# Supplements



## rabbit (Apr 24, 2008)

I don't have a lot of money to spend on gimick supplements. I know some supplement companies offer money back guarentee if the supplement doesn't work. The company that makes Oxydrene is one that offers that. Is there any other supplement companies that offer you money back if it doesn't work?

How do you actually get your money back? From the store you bought it or does the company send it to you? Do they want personal information? If they do, what for?

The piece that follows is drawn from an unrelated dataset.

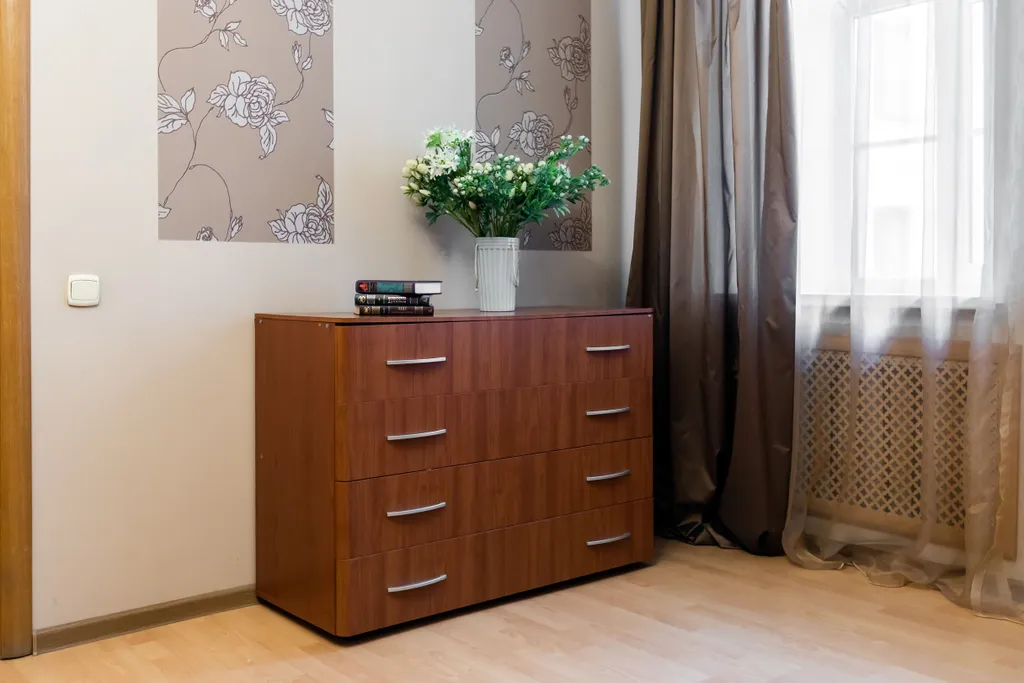 Рядом Невский, торговые центры, метро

If it works and I'm happy with the results I won't return it. But if i don't notice anything and the company offers to give you your money back I will go return it. It's not my problem if the company decides to have that kind of policy. 

Thanks.


----------



## Empty Hands (Apr 24, 2008)

Do yourself a favor and don't bother.  A healthy diet is all the supplement you need, and maybe a daily vitamin/calcium supplement _if_ you fall into the proper risk categories.


----------



## KempoGuy06 (Apr 29, 2008)

supplements are good and most stores you buy them from offer a 30 day money back deal. I know GNC does

If you have questions about certain supplements let me know. Ive taken quite a few and know what works...for me at least. Im not saying it will for you but at least you have some feed back

B


----------



## terryl965 (Apr 29, 2008)

KempoGuy06 said:


> supplements are good and most stores you buy them from offer a 30 day money back deal. I know GNC does
> 
> If you have questions about certain supplements let me know. Ive taken quite a few and know what works...for me at least. Im not saying it will for you but at least you have some feed back
> 
> B


 
Yes GNC and Vitamin World offer that thirty days return if you do not like it. What suppliments is good for 11-14 years old athletes?


----------



## OnlyAnEgg (Apr 29, 2008)

Empty Hands said:


> Do yourself a favor and don't bother. A healthy diet is all the supplement you need, and maybe a daily vitamin/calcium supplement _if_ you fall into the proper risk categories.


 
This is good advice.  Supplements are not independantly reviewed nor approved by the FDA to function as claimed or even function, for that matter.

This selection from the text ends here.